> _WHAT YOU ARE ASKED TO DO_
Give again, word for word, the lines below that run from the line with "2026 Wird geladen..." through the line with "倍福KL6904.KL2904.KL1904.包装，实图~询价". Drop the pictures.

> _TASK INPUTS_
Start of Block
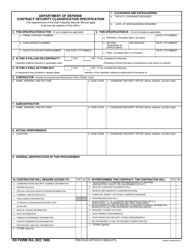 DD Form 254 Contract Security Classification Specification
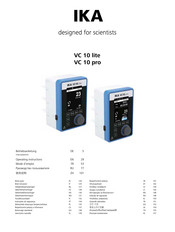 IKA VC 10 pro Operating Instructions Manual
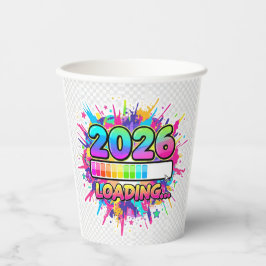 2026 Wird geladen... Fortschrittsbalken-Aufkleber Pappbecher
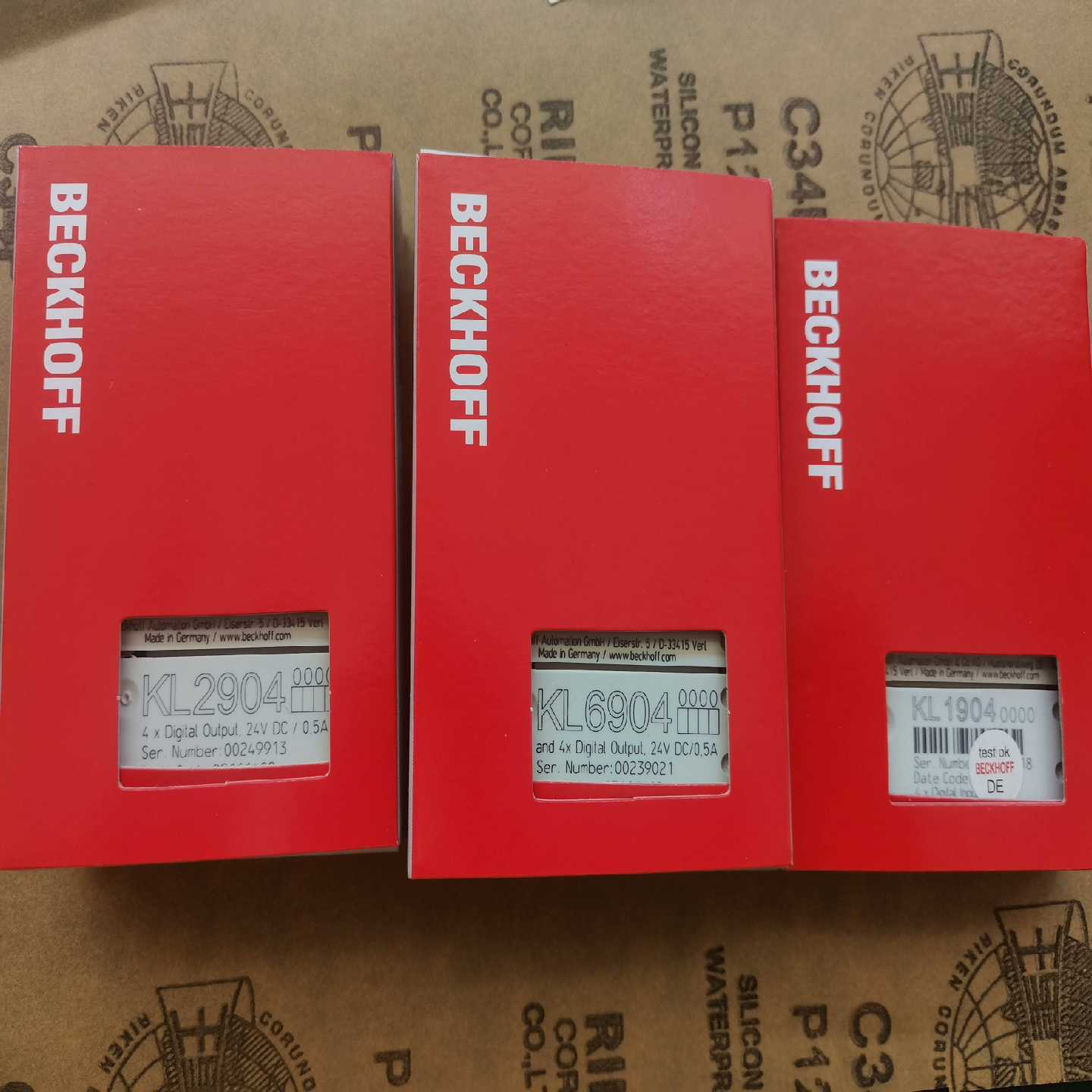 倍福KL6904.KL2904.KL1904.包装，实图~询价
End of Block
Start of Block
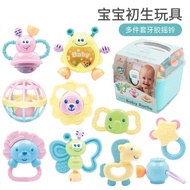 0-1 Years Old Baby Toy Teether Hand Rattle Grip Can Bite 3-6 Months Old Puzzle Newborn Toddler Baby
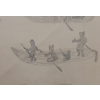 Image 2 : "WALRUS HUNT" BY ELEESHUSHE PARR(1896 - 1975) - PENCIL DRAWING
End of Block
> _FINAL ANSWER_
 2026 Wird geladen... Fortschrittsbalken-Aufkleber Pappbecher
 倍福KL6904.KL2904.KL1904.包装，实图~询价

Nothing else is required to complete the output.